The Preacher's Lectionary Notebook - Thematic Connections
The Fourth Sunday after the Epiphany (Year A)
Micah 6:1-8; 1 Corinthians 1:18-31; Matthew 5:1-12
God’s way of setting the world right does not line up with what people usually expect power, success, or righteousness to look like. In Micah 6, God puts Israel on trial, calling the mountains as witnesses and reminding the people of a long history of deliverance. The problem is not that Israel lacks religious activity; it is that they have mistaken ritual for faithfulness. Burnt offerings, rivers of oil, even the most extreme sacrifices cannot fix a life bent toward injustice. What God wants is almost embarrassingly simple and deeply demanding at the same time—do justice, love kindness, and walk humbly with your God. Micah strips religion down to a way of life shaped by humility and care for others, especially the vulnerable.
That same reversal of expectations shows up in Paul’s words to the Corinthians. In a culture obsessed with status, rhetorical brilliance, and visible strength, Paul insists that the cross sits at the very center of God’s wisdom. What looks like foolishness is actually where God’s power is most clearly revealed. God does not choose the impressive in order to impress; God chooses the foolish, the weak, and the lowly to expose how hollow human boasting really is. Paul’s point is not that thinking or skill are bad, but that none of them can be the foundation of our standing before God. Like Micah, Paul dismantles religious and cultural systems that try to secure righteousness through achievement, prestige, or performance.
When Jesus sits down on the hillside in Matthew 5 and begins to speak, he brings these themes into flesh-and-blood human experience. The Beatitudes are not motivational slogans; they are a declaration that God’s favor rests in surprising places. The poor in spirit, the mourners, the meek, the merciful, the peacemakers—these are not the people society lines up as winners. Yet Jesus says the kingdom of heaven belongs to them. This is Micah’s call to justice and humility lived out in real lives, and it is Paul’s “foolish” cross translated into a way of being in the world. Jesus blesses those who have let go of the illusion that power, control, or moral superiority will save them.
What ties all three passages together is the idea that God’s kingdom runs on a different logic. God is not impressed by religious excess, intellectual bravado, or social dominance. God is drawn to humility, mercy, trust, and a willingness to stand with those who suffer. Micah names it as covenant faithfulness, Paul proclaims it through the scandal of the cross, and Jesus embodies it in a community shaped by grace rather than competition.
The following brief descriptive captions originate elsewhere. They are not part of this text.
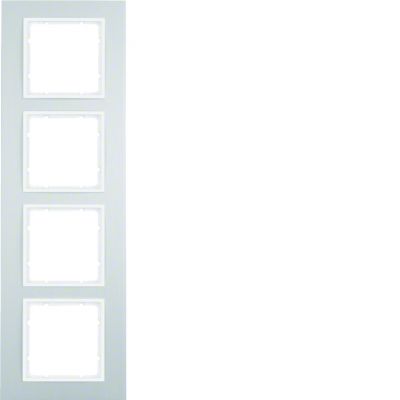 BERKER B.7 Ramka poczwórna aluminium/biała mat 10146914 HAGER (10146914)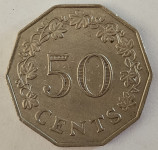 MALTA- 50 CENTS 1972.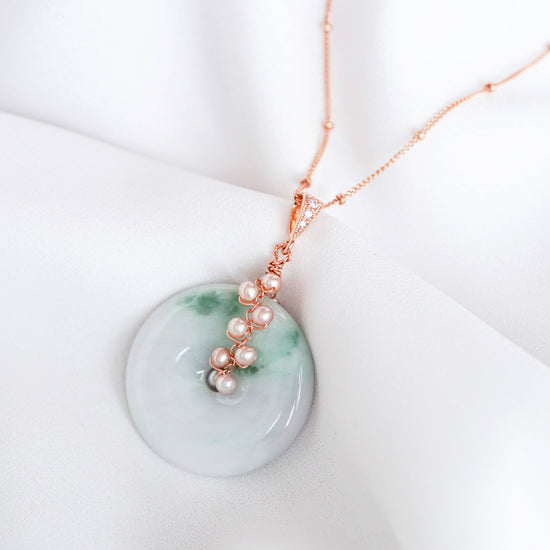 Unique Green Jade with Pink Pearl Vine Necklace GVN17R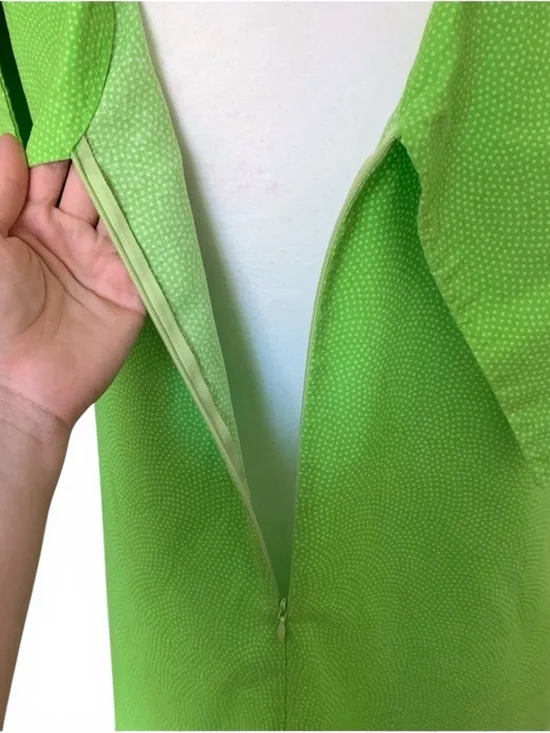 Handmade Architectural Lime Green Cotton Shift Dress - Avant Garde Mini - Picture 10 of 12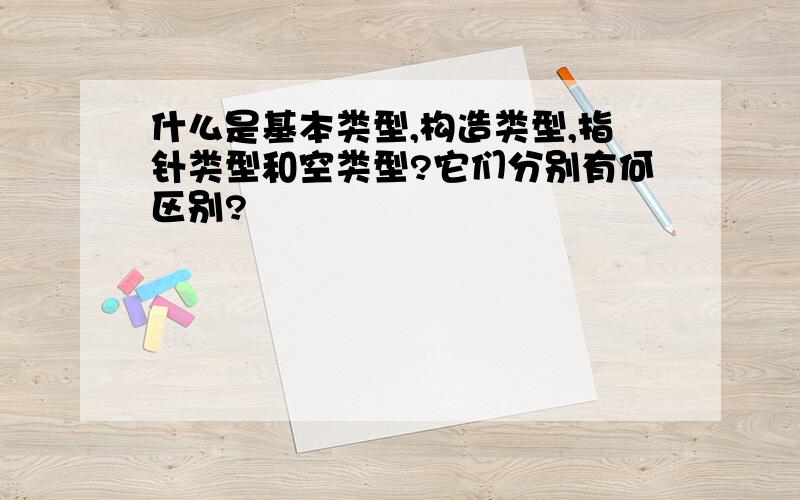 什么是基本类型,构造类型,指针类型和空类型?它们分别有何区别?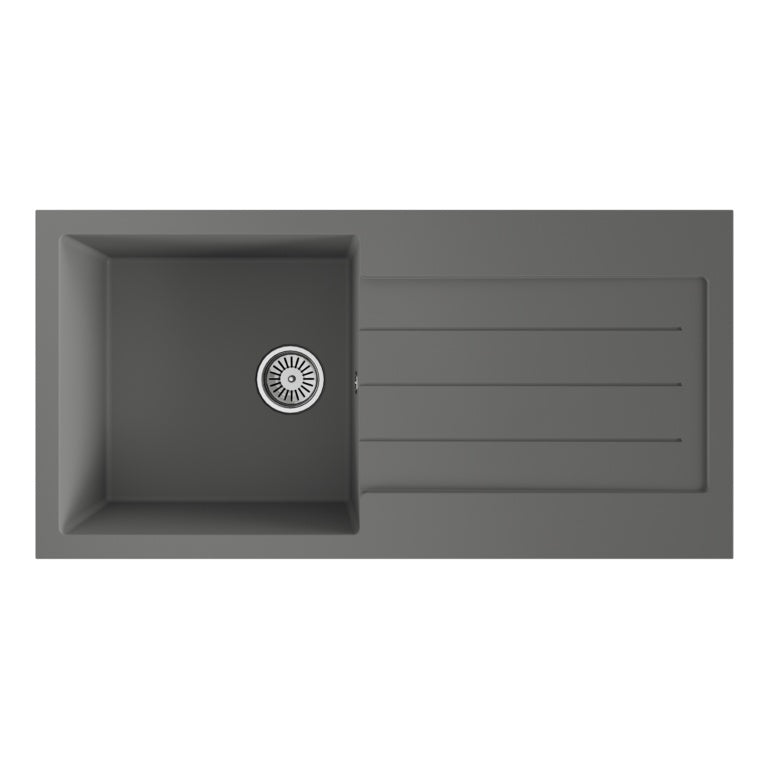 Ellsi Grey Comite Sink & Waste 1 Bowl 100 x 50cm
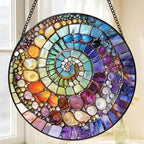 Rainbow Shell Spiral Suncatcher,Coastal Beach Stained Glass Window Hanging,8 Inch Indoor Outdoor Garden Sun Catchers,Sea Art Suncatchers for Windows Hanging,Christmas Birthday Gifts for Mom Grandma by Tufeu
Together, these texts invite us to stop asking how to look righteous or strong and start asking how to live faithfully in a world that desperately needs justice, compassion, and hope.
FOR FURTHER EXPLORATION
How do our ideas of success and strength shape the way we read these passages?
What might “walking humbly with God” look like in everyday relationships and decisions?
Why do you think God consistently works through what the world considers weak or foolish?